Soy Antonio Rodas, y como abogado penalista especializado en sextorsión, puedo ayudarte a conseguir el mejor resultado posible en tu caso.
Sé lo difícil que puede ser enfrentarse a un proceso penal por sextorsión. Las implicaciones pueden ser graves, afectando a todos los aspectos de tu vida, desde tus relaciones personales hasta tu carrera profesional.
Sin embargo, no tienes por qué enfrentarte a esto solo. Como experto en este campo del derecho penal, tengo la experiencia y conocimientos necesarios para defender tus derechos y luchar por la mejor resolución de tu caso.
La sextorsión es una forma de extorsión digital en la que se amenaza a la víctima con difundir imágenes o vídeos de contenido íntimo o sexual, reales o simulados, para obligarla a entregar dinero, más material o cualquier otra prestación.

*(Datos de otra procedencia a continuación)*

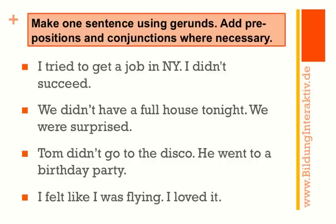On this page you have two sentences and I want you to make one sentence out of the two. Use a gerund, and I want you to add the prepositions and sometimes a conjunction where it is necessary. Please stop the video now and do your exercise.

Combina la extorsión patrimonial con el ataque a la intimidad y la dignidad de la víctima, lo que la convierte en una conducta de especial gravedad.
Estos delitos se cometen al exigir a una persona, bajo la amenaza de difundir contenido íntimo, la entrega de dinero, favores u otro material, doblegando su voluntad mediante el temor a esa difusión.
Se persiguen a través de la extorsión del artículo 243, las amenazas del artículo 169 y, en su caso, la difusión de imágenes íntimas del artículo 197.7 del Código Penal.
Estos casos exigen actuar con rapidez para frenar la difusión y preservar la prueba digital, además de proteger la intimidad de la víctima, lo que requiere una intervención especializada.
Como abogado penalista, actúo con discreción y celeridad para defender a la víctima o a quien afronta una acusación de esta naturaleza.

La sextorsión se presenta de distintas formas. Entre las más frecuentes están:
Exigir dinero o favores bajo la amenaza de difundir imágenes íntimas obtenidas previamente integra la extorsión del artículo 243.
La amenaza basada en montajes o imágenes manipuladas también puede constituir extorsión o amenazas del artículo 169.
La difusión sin consentimiento de imágenes íntimas se castiga de forma autónoma conforme al artículo 197.7.
La sextorsión se castiga con penas de prisión propias de la extorsión, que pueden concurrir con las de amenazas y difusión de imágenes íntimas. A la sanción penal se añaden la responsabilidad civil por los daños morales y los antecedentes penales.
La prueba en estos casos se apoya en preservar las comunicaciones y rastrear al autor. Entre las más habituales figuran:
Mensajes, correos y capturas que documentan la exigencia y la amenaza de difusión.
Datos de las transferencias o de las carteras a las que se exigió enviar el dinero.
Informes que identifican perfiles, dispositivos y la autoría de la conducta.
Declaraciones de la víctima y de personas que conozcan los hechos.